Социология так не работает. Задача науки не в том, чтобы подкрепить предрассудки цифрами, не в том, чтобы выдать стереотип за факт.

Вопросы, которые мы задаем миру, не берутся из самого мира. И тем более — из наших обывательских представлений о нем. Они берутся из языка дисциплины. В языке нашей науки есть «социальный порядок» и «социальные связи», «коллективные представления» и «формы взаимодействия», «межличностное доверие» и «повседневные практики», но «ностальгии по совку», «менталитета», «двоемыслия» или «лукавого советского человека» в языке социологии нет. Это просто побочные продукты рефлексии жизненного опыта.

Такого явления, как homo soveticus, в принципе не существует?

— Почему же. Существует. Как мифологема в картине мира определенной группы людей, как риторическое клише — в околосоциологической публицистике и на просторах социальных сетей… Это очень удобная конструкция. Она делает мир проще, понятней, объяснимей. 

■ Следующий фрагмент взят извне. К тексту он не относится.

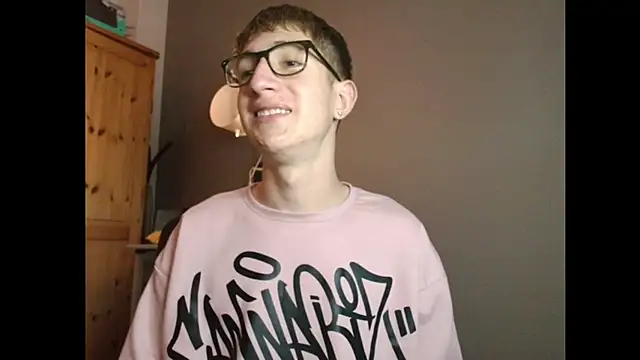 Snapshot of Erick_Taylor3 chatting on 12-15-25, 08:13 Erick Taylor3 online show from 12-15-25, 08:13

Правда, если вы всерьез полагаете, что есть такой особый антропологический тип — «советский человек» — с присущими лишь ему чертами характера (или еще круче: «менталитета»), то почему бы не продолжить ряд? Как насчет «зимбабвийского человека»? Он ведь наверняка сильно отличается от «замбийского». А «парагвайский человек» — видимо, не чета «уругвайскому». Там тоже был опыт диктатуры. 

Но нас учили когда-то в школе, что в СССР сформировалась новая этническая общность — советский народ.

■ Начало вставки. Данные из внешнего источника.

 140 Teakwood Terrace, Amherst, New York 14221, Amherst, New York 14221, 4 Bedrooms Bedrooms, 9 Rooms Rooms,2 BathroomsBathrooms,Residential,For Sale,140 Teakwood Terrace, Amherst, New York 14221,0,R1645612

— А вместе с новой исторической общностью, учили нас в школе, сформировался и новый советский человек, ведомый высокими целями, одухотворенный трудом, преисполненный чувства братства, и все это — с нерушимой верой в идеалы партии. Но вот почему-то в братство, одухотворенность, трудолюбие и идеалы никто не поверил. А вот в то, что «советский человек» действительно существует как новый антропологический тип, поверили многие. Правда, не тогда, когда это было частью официозной риторики. Позже — когда призрачная фигура «советского человека» стала инструментом критики советской и постсоветской действительности. 

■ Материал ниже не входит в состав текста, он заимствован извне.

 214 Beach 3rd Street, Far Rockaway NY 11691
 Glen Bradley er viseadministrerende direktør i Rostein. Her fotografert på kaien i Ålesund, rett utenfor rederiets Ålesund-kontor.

«Книга реальности не написана на языке либерального фейсбука»

— Откуда взялась эта формула: мол, некоторый набор исторических обстоятельств накладывает неизгладимый отпечаток на человека и все люди, сформировавшиеся в этих обстоятельствах, обладают фиксированным набором психологических особенностей и передают их своим детям, а значит, те, кто родился после распада СССР, — тоже советские люди? И в какой момент она обретает убедительность для довольно больших аудиторий?

И в какой же?

— Я думаю, такие формулы рождаются, а точнее, становятся убедительными для широких интеллигентных масс в тот момент, когда стремление отрефлексировать происходящие изменения сталкивается с бедностью языка. Именно тогда на помощь думающему человеку и приходит диванная психодиагностика.

В социологии было два пика подобного мифотворчества. Первый — когда наши классики пытались осмыслить масштабную урбанизацию конца ХIX века.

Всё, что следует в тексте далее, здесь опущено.